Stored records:
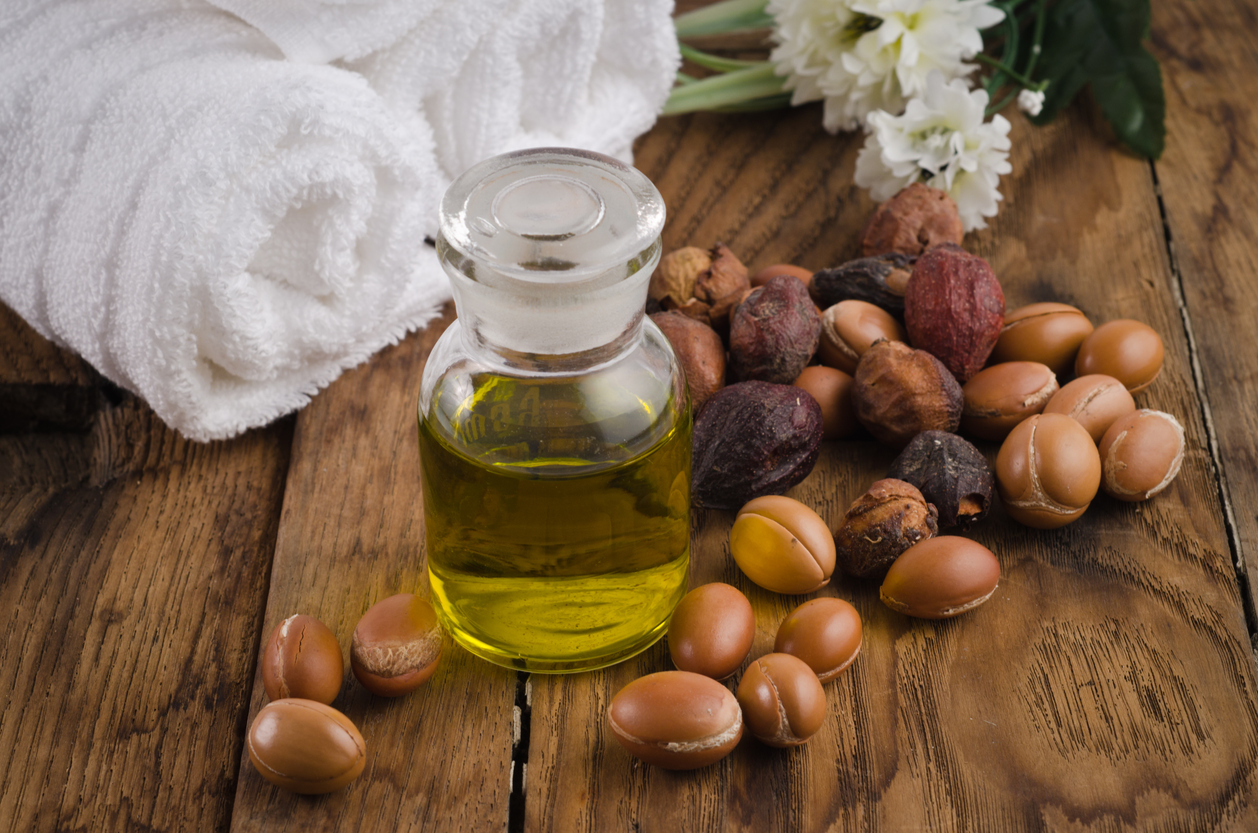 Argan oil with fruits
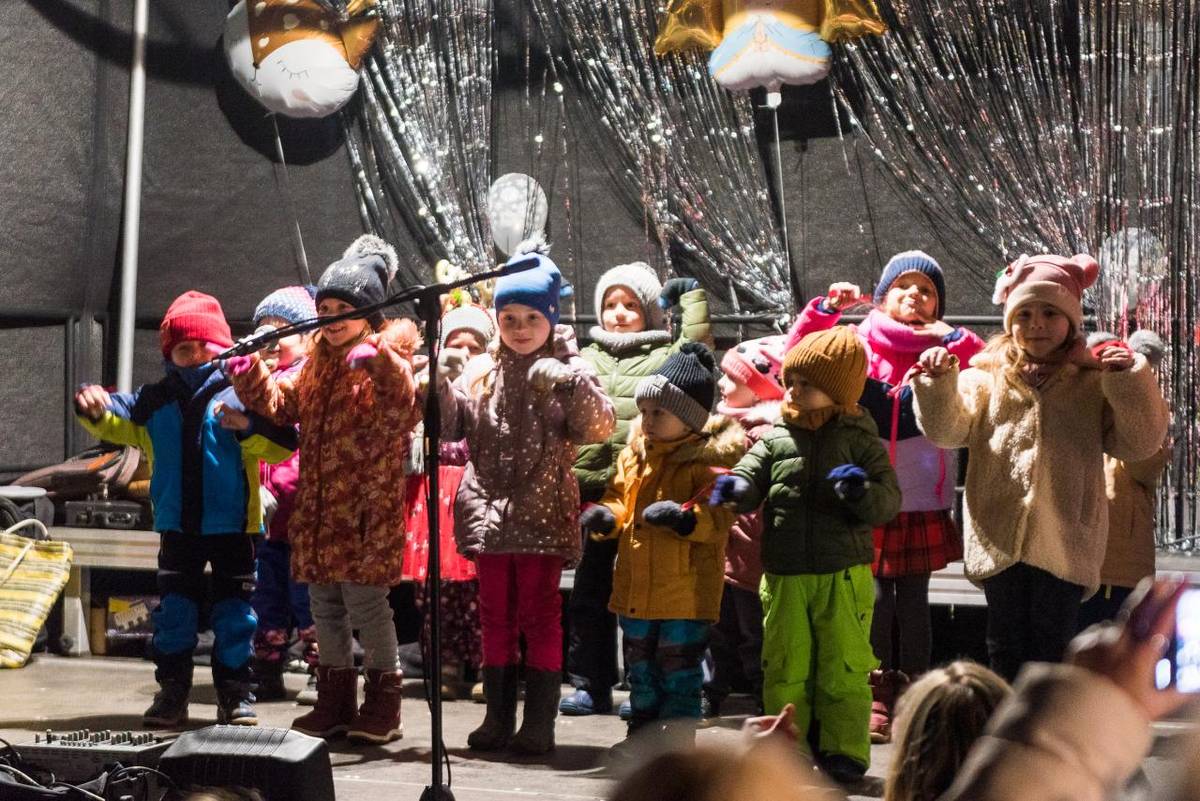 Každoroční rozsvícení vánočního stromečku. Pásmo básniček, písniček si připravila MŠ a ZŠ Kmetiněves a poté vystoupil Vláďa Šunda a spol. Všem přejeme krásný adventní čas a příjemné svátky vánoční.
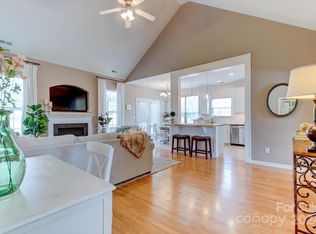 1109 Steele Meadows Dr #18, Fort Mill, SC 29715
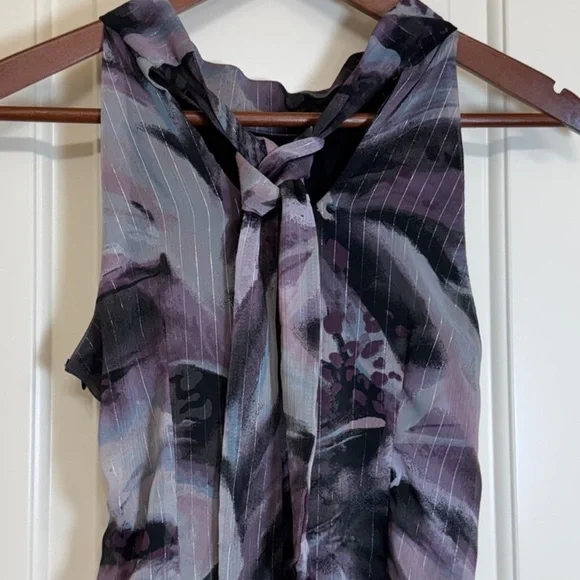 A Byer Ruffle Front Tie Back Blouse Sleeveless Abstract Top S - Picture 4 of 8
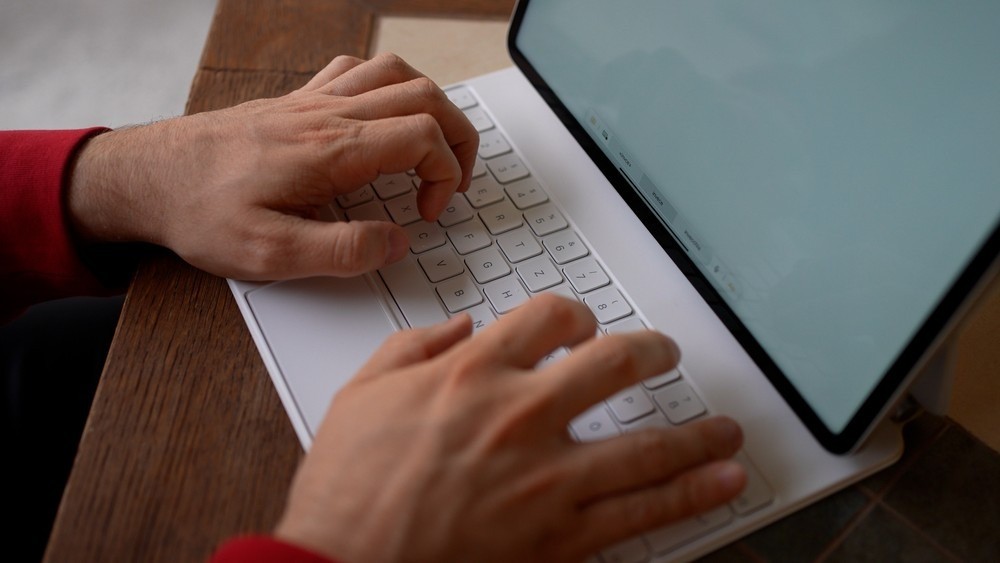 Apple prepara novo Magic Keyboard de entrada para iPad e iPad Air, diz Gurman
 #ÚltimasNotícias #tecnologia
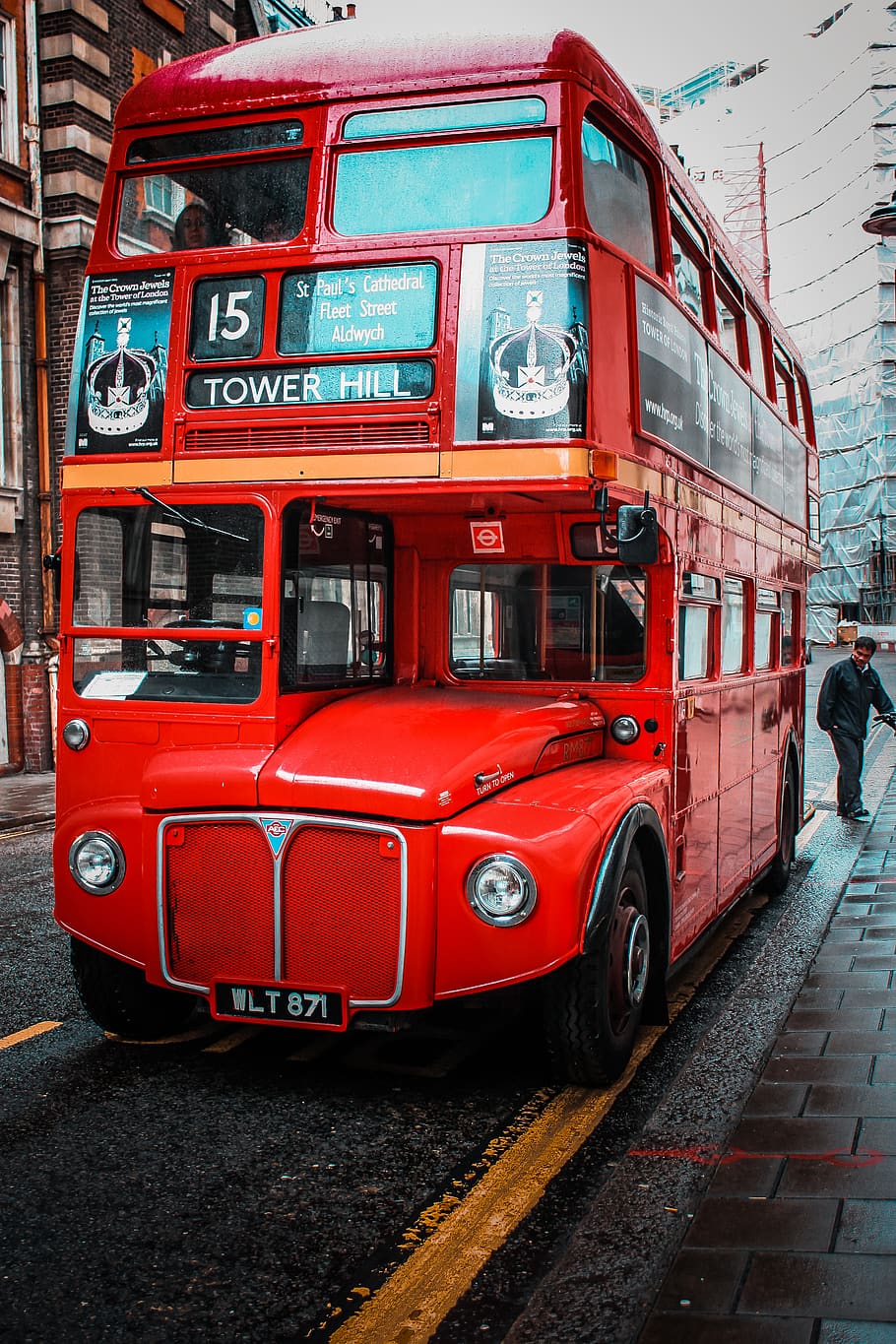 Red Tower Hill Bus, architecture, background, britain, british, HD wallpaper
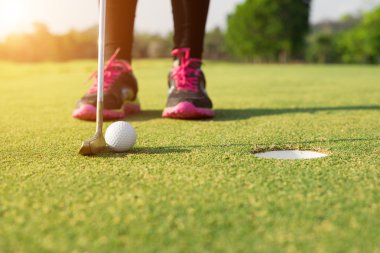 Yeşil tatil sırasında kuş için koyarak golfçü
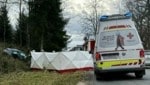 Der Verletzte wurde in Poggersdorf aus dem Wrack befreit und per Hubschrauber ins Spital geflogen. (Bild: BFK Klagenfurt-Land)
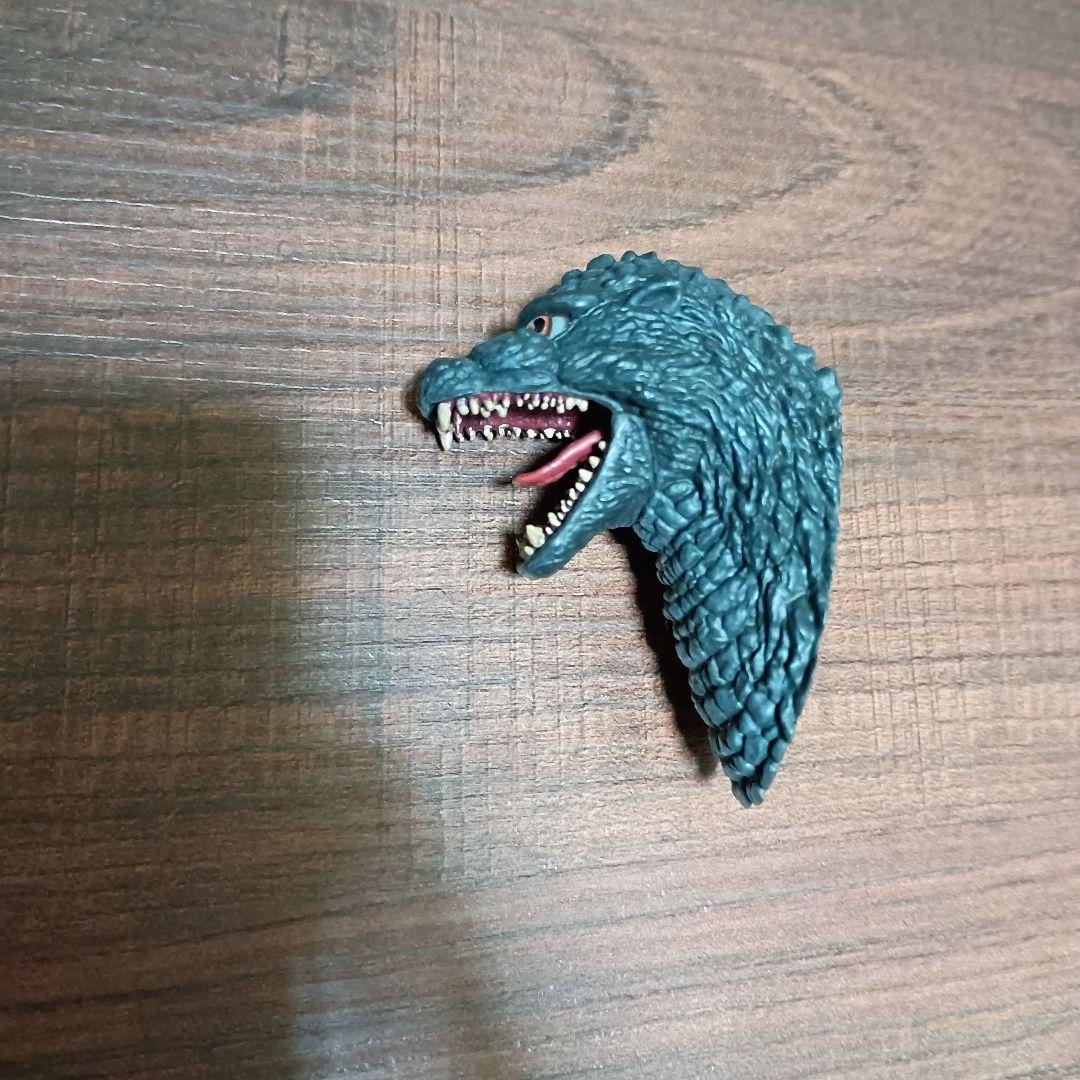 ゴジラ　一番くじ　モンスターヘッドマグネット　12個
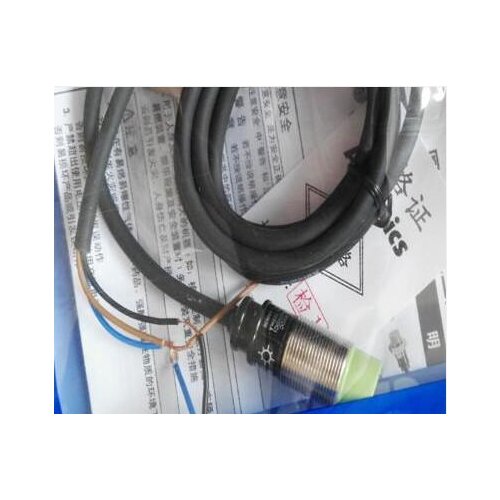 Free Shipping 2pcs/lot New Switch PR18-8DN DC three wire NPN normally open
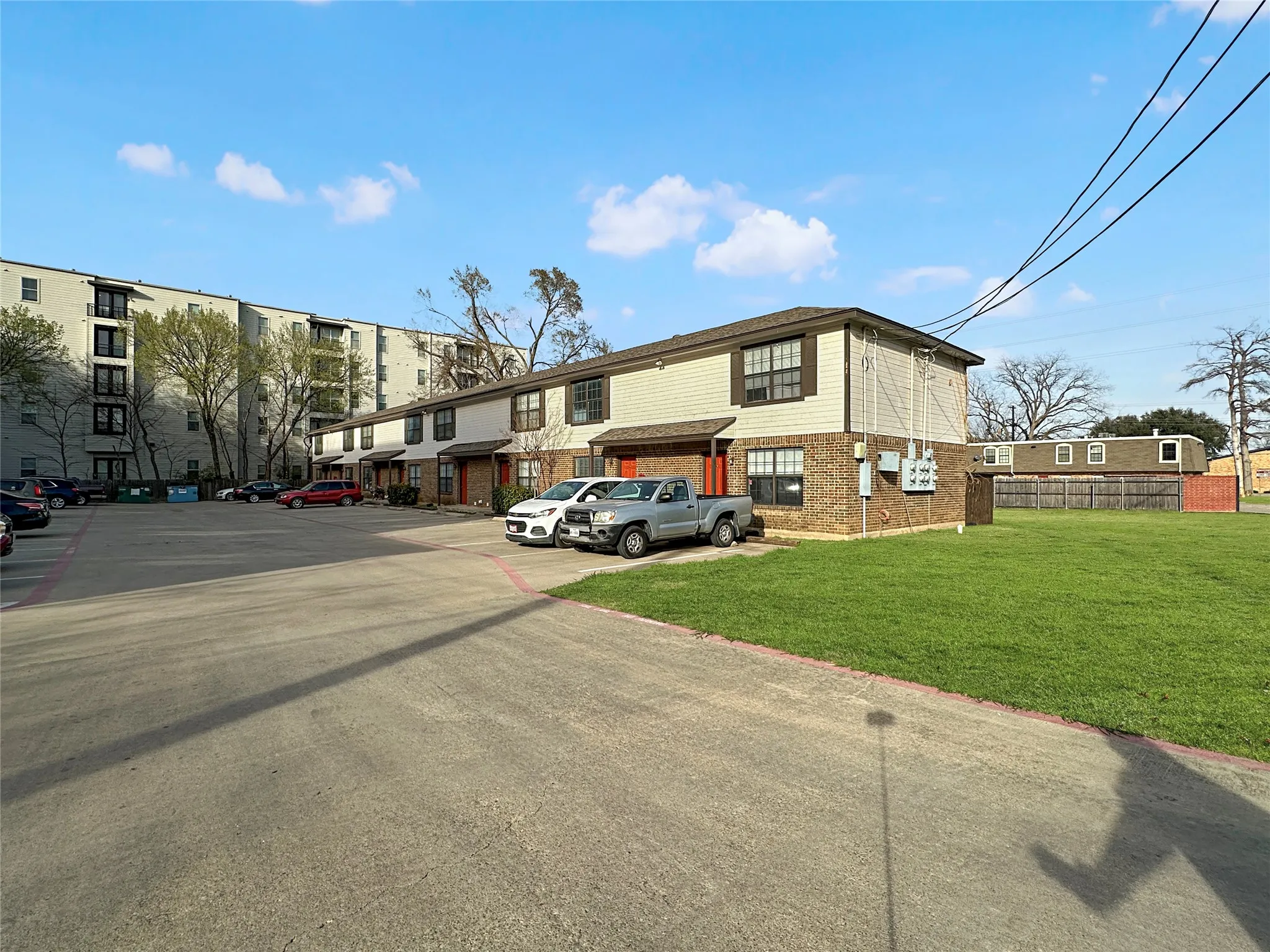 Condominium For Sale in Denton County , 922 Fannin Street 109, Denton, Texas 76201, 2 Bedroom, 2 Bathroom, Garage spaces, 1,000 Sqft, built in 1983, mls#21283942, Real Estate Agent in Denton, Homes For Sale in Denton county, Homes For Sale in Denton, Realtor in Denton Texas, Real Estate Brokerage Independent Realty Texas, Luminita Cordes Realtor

Task requirements ▸ Transcribe exactly the lines above, beginning at the one with "Der Verletzte wurde" and going up to and including the one with "Free Shipping 2pcs/lot". Pictures do not belong in the copy.

Response ▸
 Der Verletzte wurde in Poggersdorf aus dem Wrack befreit und per Hubschrauber ins Spital geflogen. (Bild: BFK Klagenfurt-Land)
 ゴジラ　一番くじ　モンスターヘッドマグネット　12個
 Free Shipping 2pcs/lot New Switch PR18-8DN DC three wire NPN normally open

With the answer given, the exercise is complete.